Developing New Treatments for Malaria
Almost half of the people in the world — especially those living in Sub-Saharan Africa, Asia and Latin America — currently risk contracting malaria. In 2016, the Medicines for Malaria Venture estimated that 216 million cases of malaria occurred worldwide, leading to 445,000 deaths.
Malaria spreads to humans who are bitten by mosquitoes infected with Plasmodium – a single-cell parasite. While a number of antimalarial medications are available, the appearance of drug-resistant strains of Plasmodium has sparked renewed urgency in the search for novel antimalarial agents. David Rotella, Sokol Professor of Chemistry, and John Siekierka, Sokol Professor of Medicinal Chemistry and director of the University’s Margaret and Herman Sokol Institute for Pharmaceutical Life Sciences, are collaborating with researchers at Rutgers University on a new potential drug target in Plasmodium.
It may be possible to combine this with other antimalarial drugs to treat infection and reduce or very hopefully prevent resistance from developing.
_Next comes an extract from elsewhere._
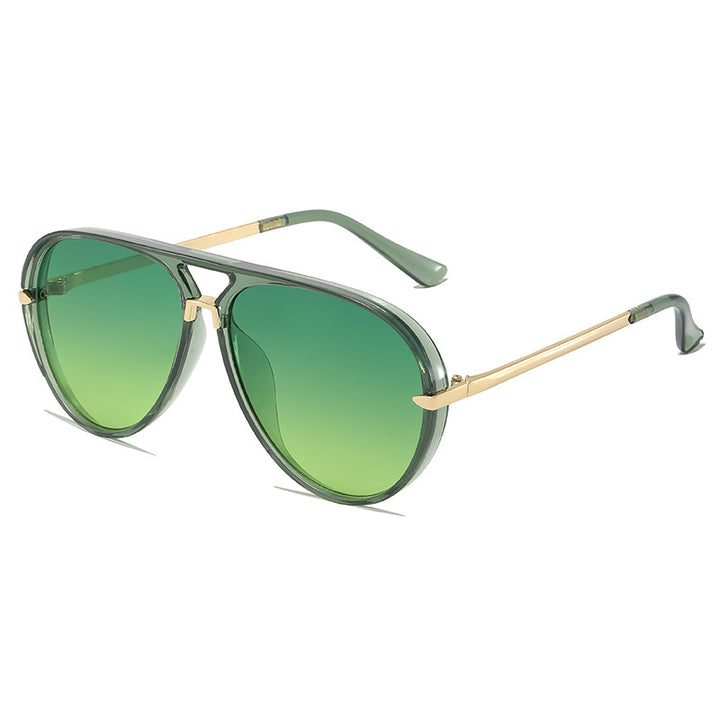 Stylish Aviator Sunglasses Kalsten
Rotella, Siekierka and the Rutgers researchers are sharing a $1.5 million award from the National Institutes of Health’s National Institute of Allergy and Infectious Disease (NIH NIAID), with Montclair State receiving approximately $770,000 over the three-year term of the grant.
“We’re investigating inhibitors of a protein kinase found in Plasmodium that plays multiple roles in its life cycle,” says Rotella. “The most important point of this research is to attempt to confirm if this enzyme can inhibit the parasitic life cycle of Plasmodium at more than one point. If we can demonstrate that, it may be possible to combine this with other antimalarial drugs to treat infection and reduce or very hopefully prevent resistance from developing.”
According to Rotella, undergraduate, graduate and postdoctoral students are working in his and Siekierka’s labs on the project.
“This research,” notes Rotella, “is being done as part of the Sokol Institute’s mission to carry out academic drug discovery and help train new scientists to work in the field.”